Ieri mi sono svegliato (No, no, no)
Che erano circa le tre
Quando il telefono non ha squillato
Io l’ho capito che eri te
Hai detto: “Impara a vivere da solo” (No, no, no)
Ma solo ci sapevo stare
La mia solitudine era un mondo magico
Che io ti volevo mostrare
Crescere insieme, vivere insieme, sognare insieme. Un po’ come avere in mano una mappa che ci dovrebbe condurre al tesoro e leggerla al contrario, continuare a camminare e camminare per poi accorgersi che il tesoro era proprio sotto ai nostri piedi. Poi cresciamo e il tesoro si trasforma in una doppia spunta blu da fissare su uno schermo di un iPhone. Lui non c’è più, non è più accanto a me a leggere Piccoli Brividi in un pomeriggio d’estate in cui c’è un temporale ma è su un furgone a cercare la sua strada, a rincorrere i suoi sogni e noi, fermi, con una mappa sgualcita e un telefono che non squilla più.
Tu sei la sfida finale di Takeshi’s Castle (No, no, no)
Io ci provo a capirti e non capisco un cazzo (No, no, no)
Guarda che notte, c’è la luna piena
E dici: “Ti amo solo perché mi fai pena”
Si può davvero passare da essere inseparabili ad essere costantemente separati? Ma le persone inseparabili lo sono anche quando vengono separate? Io sono convinta che qualcosa rimanga sempre e comunque. Chiamiamola chimica, chiamiamola amore, chiamiamola alchimia, non lo so, ma qualcosa rimane. Impossibile capirlo, una sfida persa in partenza più difficile di Takeshi’s Castle. Cercare per anni di leggersi tra le righe, di decifrare i messaggi in codice, di ubriacarsi per finalmente dire quello che si prova, ma poi ne rimane solo una e quella che rimane di solito è sempre più bella, più intelligente, più intonata di te.
Perché le televendite
Di coltelli a notte fonda
Sui canali di provincia
Mi parlano di te
E dicono che dopo tutto
Sempre il giorno ricomincia, ma
Ti giuro, non lo so
Vi sfido a trovare una dichiarazione d’amore più forte di questa. Ammettetelo, quando siamo innamorati possiamo anche guardare le televendite di coltelli a notte fonda, che abbiamo sempre e comunque un pensiero in testa. Guarda che bel coltello, starebbe bene nella nostra casa. Guarda che bella pentola, la userei per cucinargli una bella cena. Ma in realtà un coltello è solo un coltello e una pentola è solo una pentola e magari ci serviranno anche ma non con le finalità sopra indicate. Così ci addormentiamo sul divano, ancora una volta, soli, con Piccoli Brividi sotto al cuscino.

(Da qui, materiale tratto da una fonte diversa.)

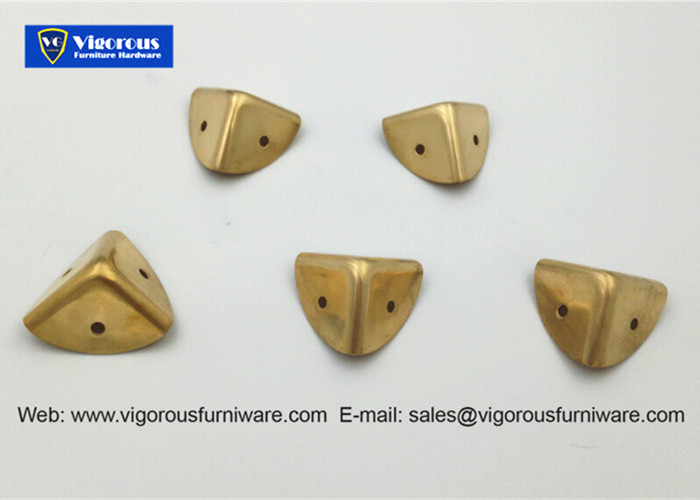 Brass Corner for Suitcase Box Cosmetic Jewellery Box Vigorous manufacture of box corner hinge lock hook and handle2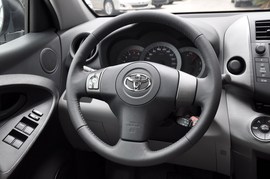 2010款丰田RAV4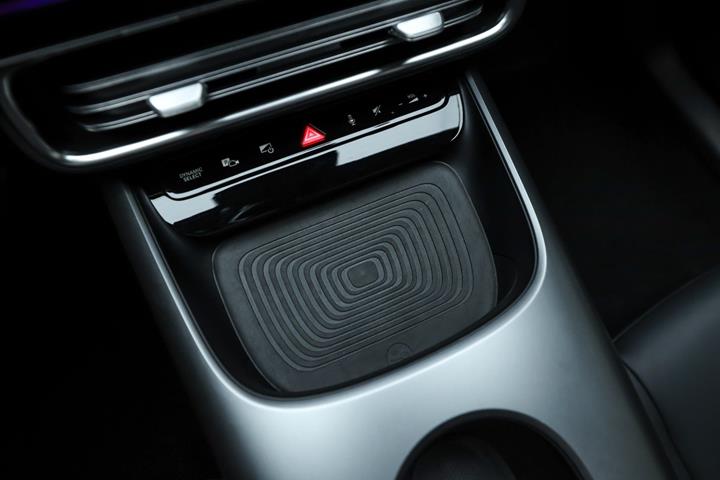 Hvid Mercedes CLA250+ fra 2025
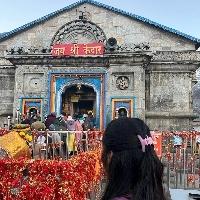 Jyoti Kohli Searching For Place in Clock Tower, Dehradun, Uttarakhand, India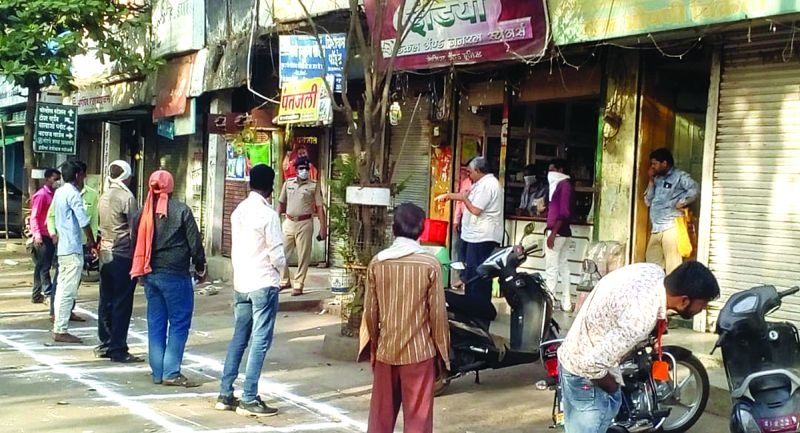 Controlling the crowd by draw boxes in Khamgaon city | खामगाव शहरात चुन्याचे रकाने आखून गर्दीवर नियंत्रण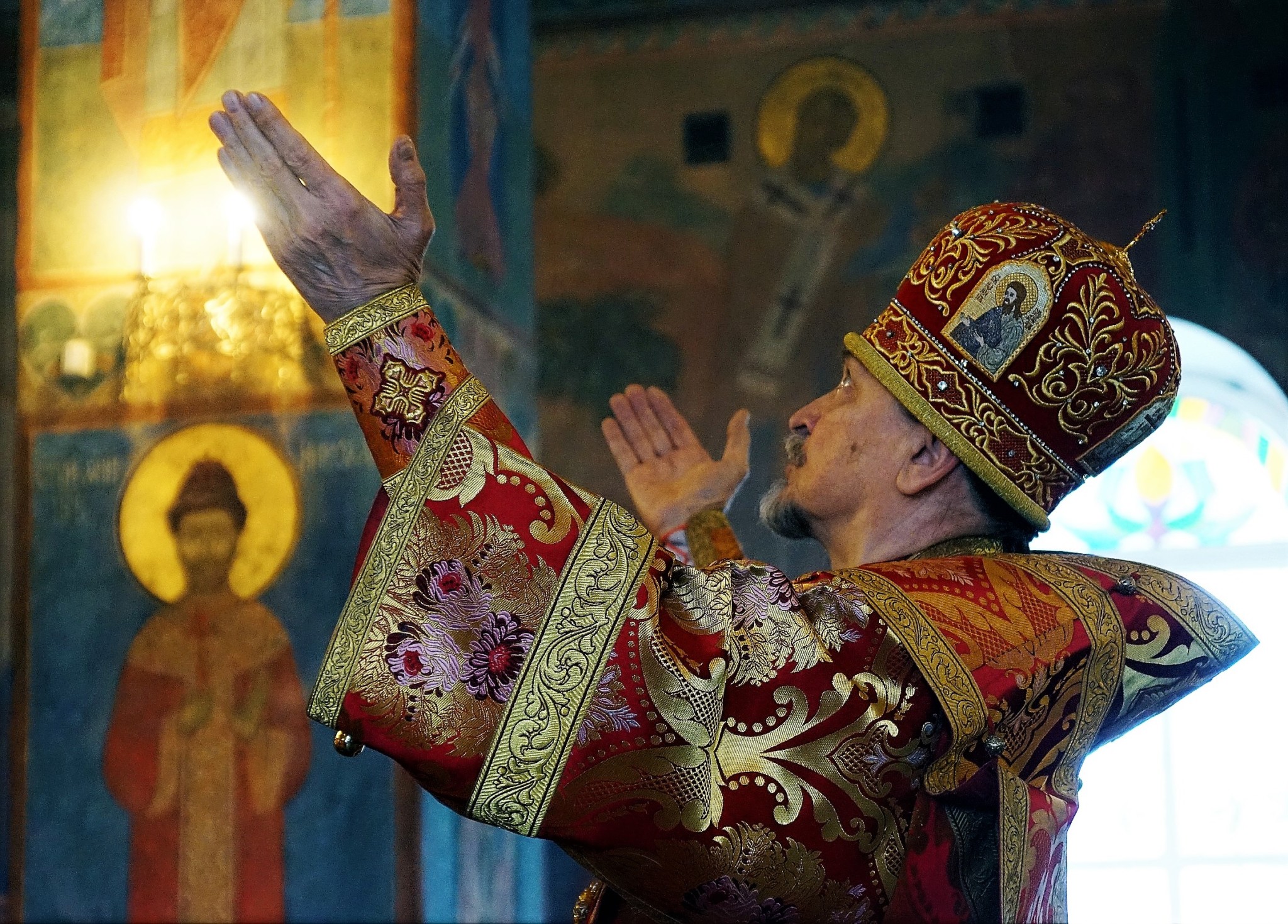 В Мурманск доставили Благодатный огонь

Se ami qualcuno, lascialo libero. E’ vero, ma a volte che male che fa. Fa male tornare a guardare il passato e sposta tutte le pietre che ci avevamo messo sopra. Ma nell’anima conserviamo tutti i “ti voglio bene” come delle carezze, insieme ai pugni in faccia che la realtà ci ha lasciato. Possiamo solo guardare avanti con la speranza che anche l’altra persona si accorga che il Pakistano aveva ragione. La felicità sta nelle piccole cose e quelle piccole cose bisogna farle con chi amiamo.